# time to harvest BUT buds wont get bigger HELP?



## crazemarijuanna (Sep 8, 2007)

bullshit


----------



## Stinkfoot13 (Sep 8, 2007)

i fed my outdoor plants with a spray bottle, catfish guts,big *** buds
awesome,always mix lite.


----------



## Growdude (Sep 8, 2007)

crazemarijuanna said:
			
		

> for sum reason my plants wont grow bigger buds the plants are big about 5 feet tall the buds just get longer and more seethru scraggly lookin but smell really good and got lots of crystals and 50% of the hairs are red
> i grow out side they get a good amount of sunlite but idk why they wont get much bigger and when i have dryed them they get really dry in about 2 days ...idk wat to do?any info you could give me would relly help


 
What kind of light do you have?


----------



## longtimegrower (Sep 9, 2007)

The sun


----------



## toniC (Sep 9, 2007)

ok... so how long have they been in the flowering stage?

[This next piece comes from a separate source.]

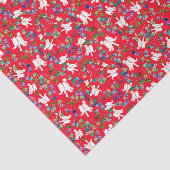 Papier Mousseline Papier cadeau de Noël d'éléphant blanc cool (Détail)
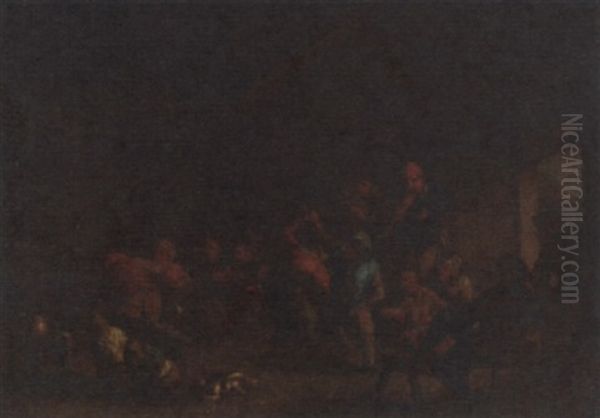 Peasants Carousing In An Interior - view 1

They might be ready for harvesting?


----------



## jash (Sep 9, 2007)

post some pics


----------



## toniC (Sep 9, 2007)

hahaha, for real I want to see some bud action.


----------



## crazemarijuanna (Sep 9, 2007)

ill put some pics on today but ya i grow outside


----------



## gardenandcats (Sep 9, 2007)

Are you suing a good budding fertilizer weekly?Try adding one tablespoon of mollasses per gallon of water 1x a week


----------